Fletcher also laid blame for the delay in approval with district staff, including Aquino. He said the district had failed to provide information about the spending plan for weeks.

LA Unified Board Finally Gives Deasy His Common Core Budget

by Hillel Aron, LA School Report |


September 17, 2013  ::  The LAUSD School Board today finally approved a $113 million budget for transitioning to the Common Core curriculum. The 6-1 vote marked the end of a tumultuous and seemingly directionless process that led to the resignation of Deputy Superintendent of Instruction Jaime Aquino, an LA Times editorial calling the Board “dysfunctional,” and finally to Mayor Eric Garcetti wading in to Board politics for the first time.
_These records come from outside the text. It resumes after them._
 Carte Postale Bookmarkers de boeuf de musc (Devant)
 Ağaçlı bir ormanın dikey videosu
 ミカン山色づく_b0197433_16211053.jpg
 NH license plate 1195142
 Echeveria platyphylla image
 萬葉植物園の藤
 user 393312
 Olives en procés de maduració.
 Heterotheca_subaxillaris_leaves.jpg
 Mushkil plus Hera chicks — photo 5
Aquino was conspicuously absent from the proceedings. As Deputy Superintendent of Instruction, he has been a chief architect of the Common Core transition. He said on Friday that he would resign at the end of the year because of what he sees as school board meddling.

“Due to the announcement of my resignation, I have decided not to do any public engagement during my transition period,” Aquino told LA School Report in an email, when asked why he wasn’t at today’s board meeting. “My focus will be to work behind the scenes to ensure a smooth transition.”
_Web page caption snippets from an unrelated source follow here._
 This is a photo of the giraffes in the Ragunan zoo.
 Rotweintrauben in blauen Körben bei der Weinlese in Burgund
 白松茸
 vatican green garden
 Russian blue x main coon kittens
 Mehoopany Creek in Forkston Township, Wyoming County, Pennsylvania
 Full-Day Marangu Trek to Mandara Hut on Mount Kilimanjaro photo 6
The budget, which passed with only Monica Ratliff dissenting, will give schools $70 per student, to be spent on technology, professional development or new materials to prepare students, teachers and administrators for the new Common Core curriculum and the standardized tests that will come with it. It also spends $24 million over the next two years on 122 math and English teacher advisors and another $8 million on 30 “content coordinators” for science, history, arts and English language development.

Like the teachers union, Ratliff is opposed to teacher advisors.
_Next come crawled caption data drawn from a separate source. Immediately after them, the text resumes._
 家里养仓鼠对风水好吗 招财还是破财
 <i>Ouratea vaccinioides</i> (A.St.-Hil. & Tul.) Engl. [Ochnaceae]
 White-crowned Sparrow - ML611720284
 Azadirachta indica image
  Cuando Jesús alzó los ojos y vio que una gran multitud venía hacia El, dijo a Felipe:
The absence of any discussion of the budget prior to its passage was particularly notable since the seven-member body had, just last week, postponed approval for the sake of additional discussion. That was already the second draft that Deasy and his team had put together. The slow speed with which the board was moving on the budget was cited as a key reason for Aquino’s resignation and was criticized in the LA Times editorial.

Prior to the vote, the board spent more than an hour discussing a proposed amendment by Steve Zimmer that was first handed to his colleagues as they took their seats, following  a closed-door session ran 90 minutes late. The amendment would have reduced the money to schools to pay for three district-wide Common Core planning days, including one that Zimmer called a “Common Core Convocation” to “bring our entire community together and signal and celebrate the transformation this represents.”

The plan was met with skepticism by Deasy and other Board members.

“I am particularly opposed to a ‘Common Core Convocation’” said Ratliff, who usually votes along with Zimmer. “I think the money should go to the schools.”

“I am trying to be aspirational,” said Zimmer, defending his amendment. “I just wanted to throw that idea out there.”

Board President Richard Vladovic supported the amendment, saying, “I see tremendous value in having everyone march to the same tune,” though he added of Common Core training: “This is not the end all be all. This will be an evolving process and take 10 to 15 years.”

Eventually, the Board rejected the change by a vote of 4 to 3, with Ratliff and, perhaps most surprisingly, Bennett Kayser joining with Monica Garcia and Tamar Galatzan in voting no. Like Ratliff, Kayser said he preferred more money be given directly to schools.

After the meeting, Zimmer told reporters he was disappointed his amendment didn’t pass, but added, “I introduced the amendment to guide the debate substantively, and I believe that happened… I feel that it’s important to have substantive direction and real clear choice.”